» Problem description
Exact copies of the lines below, from the one with "This is our" up to and including the one with "And you need", are what this calls for; leave out pictures.

» Exercise data
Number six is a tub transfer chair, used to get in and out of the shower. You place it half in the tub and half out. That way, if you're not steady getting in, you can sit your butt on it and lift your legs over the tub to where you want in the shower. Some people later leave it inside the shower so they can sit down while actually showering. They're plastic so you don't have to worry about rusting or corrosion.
--
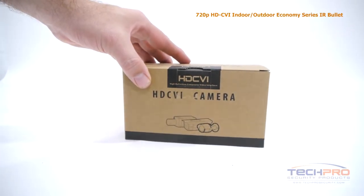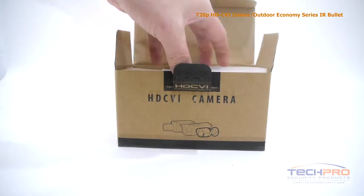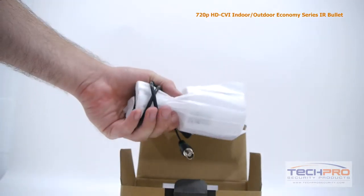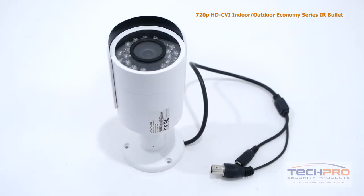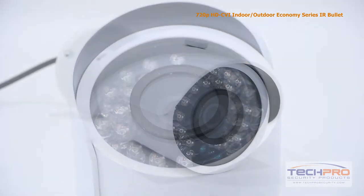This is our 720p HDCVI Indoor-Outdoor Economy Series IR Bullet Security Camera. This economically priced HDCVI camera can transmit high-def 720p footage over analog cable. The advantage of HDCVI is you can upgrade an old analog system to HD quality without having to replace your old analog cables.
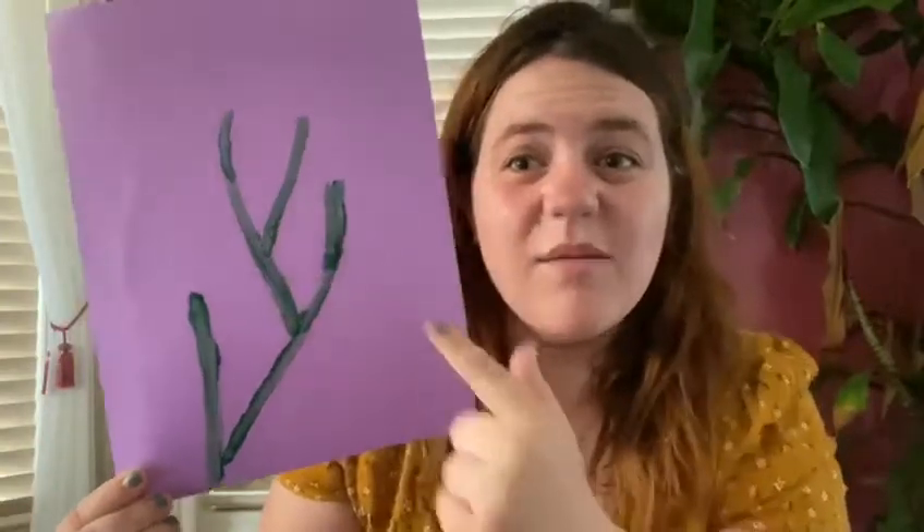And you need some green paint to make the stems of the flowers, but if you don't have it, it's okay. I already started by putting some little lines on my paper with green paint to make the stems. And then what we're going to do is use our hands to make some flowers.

» Response to this task
This is our 720p HDCVI Indoor-Outdoor Economy Series IR Bullet Security Camera. This economically priced HDCVI camera can transmit high-def 720p footage over analog cable. The advantage of HDCVI is you can upgrade an old analog system to HD quality without having to replace your old analog cables.
And you need some green paint to make the stems of the flowers, but if you don't have it, it's okay. I already started by putting some little lines on my paper with green paint to make the stems. And then what we're going to do is use our hands to make some flowers.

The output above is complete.